Aggregation of 0.5 ml of washed platelets was analyzed using a P.I.C.A. lumi aggregometer (Chrono-log). Platelets were activated with varying concentrations of collagen peptides or 100ng of convulxin. To examine the effect of peptides in their associated forms, the peptides (Pro-Hyp-Gly)10 (7mg/ml), T4 (7mg/ml), T4Y(7mg/ml), and FT4Y (3mg/ml) were incubated at their respective optimal temperatures to promote self-association. After turbidity reached the plateau phase, aggregated peptide samples were incubated in a platelet activation assay at 37°C. The dose dependent platelet activation by FT4Y peptide (3 mg/ml, PBS) was measured by adding different volumes (1µl to 35 µl) of the turbid peptide sample of FT4Y to 500µl of platelet suspension and measuring aggregation using light transmission while stirring (900 rev/min) at 37°C. Aggregation tracings are representative of results obtained from three separate experiments on three different donors. Experiments are also carried out in presence of P2Y1 receptor antagonists MRS 2179, and P2Y12 receptor agonist AR-C69931, and indomethacin which were added just prior to the addition of agonist.
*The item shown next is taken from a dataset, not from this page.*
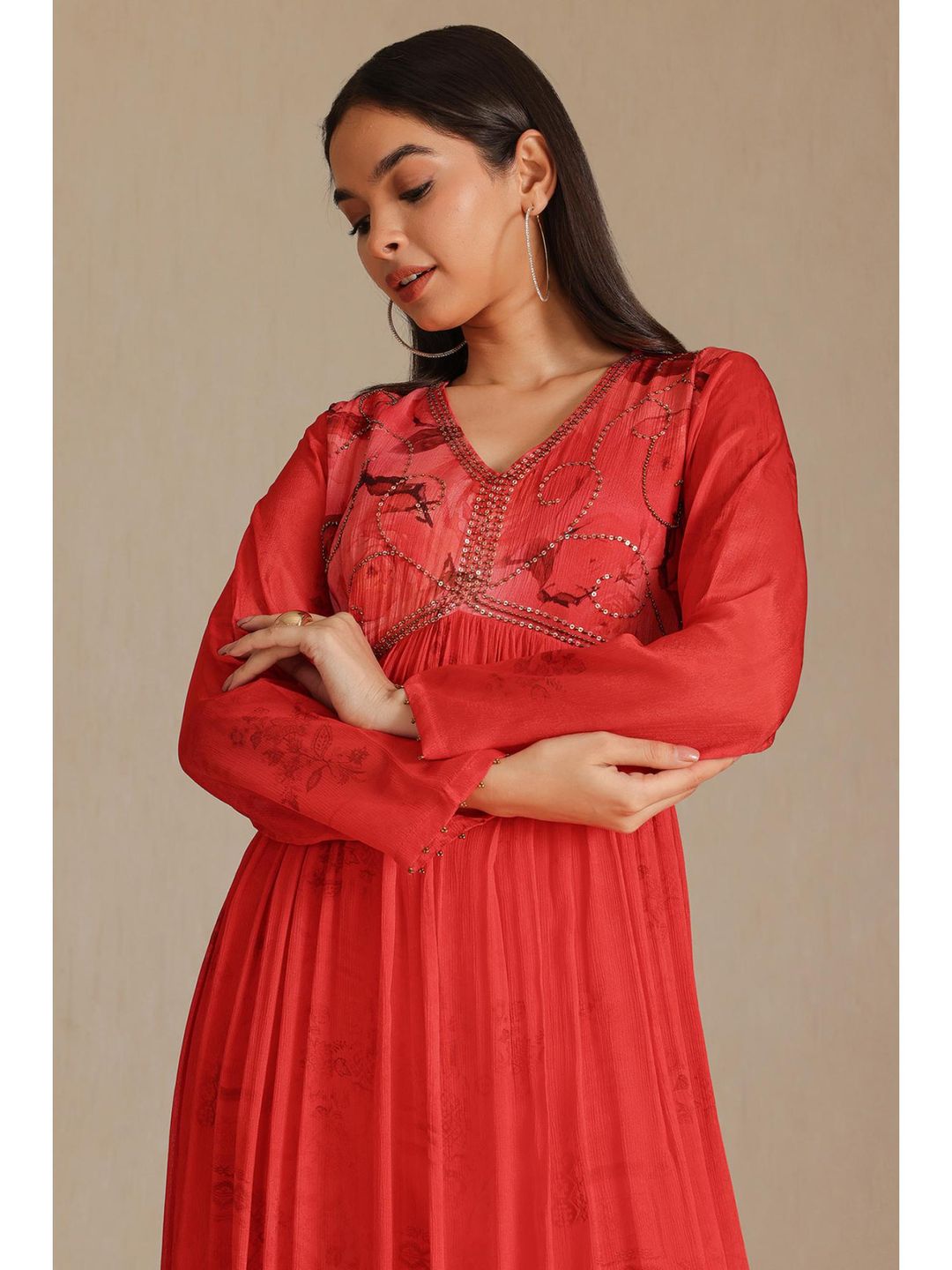 Womens Red Chinon Floral Print Dress With Beads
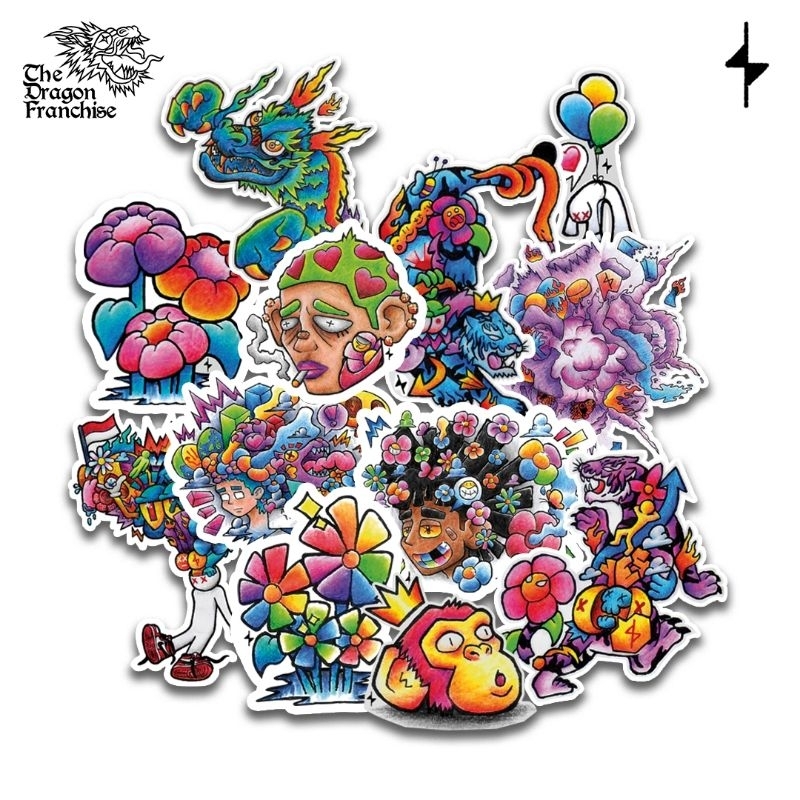 

12 pcs A5 "Doodle Art" Hand Drawing Vinyl Stickers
For western blot analysis, platelets were stimulated for 30 seconds under stirring conditions with varying concentrations of FT4Y peptide or 100ng of convulxin as a control. The reaction was stopped by the addition of 6.6N perchloric acid and the resulting acid precipitate was collected and chilled on ice. The pellets were centrifuged at 13,000Xg for 10 minutes, followed by rinsing and subsequent resuspension in 0.5 ml of deionized water. The protein was again pelleted by centrifugation at 13,000Xg for 10 minutes. The protein pellets were solubilized in sample buffer containing 2M Tris, 10% SDS, (v/v) glycerol, 0.5% bromophenol blue, and 100mM DTT then boiled for 10 minutes. Bovine skin collagen was also used as a control.
Samples were subjected to SDS-PAGE on 10% polyacrylamide gels. Proteins were transferred to Whatman Protran nitrocellulose membrane, blocked with Odyssey blocking buffer for 1 hour and incubated overnight at 4°C with primary antibody anti-Syk (4D10) and anti-phospho-Syk525/526 (1:1000 in Odyssey blocking buffer) with gentle agitation. After 4 washes for 5 minutes each with PBS-T, the membranes were probed with Li-Cor Odyssey goat anti-rabbit IRDye 800CW and goat anti-mouse IRDye 680 (1:1000 in PBS-T) for 1 hour at room temperature(23°C). After 4 washes for 5 minutes each with PBS-T and 1 wash in deionized water, membranes were examined under Li-Cor Odyssey infrared Imaging System (Lincoln, NE).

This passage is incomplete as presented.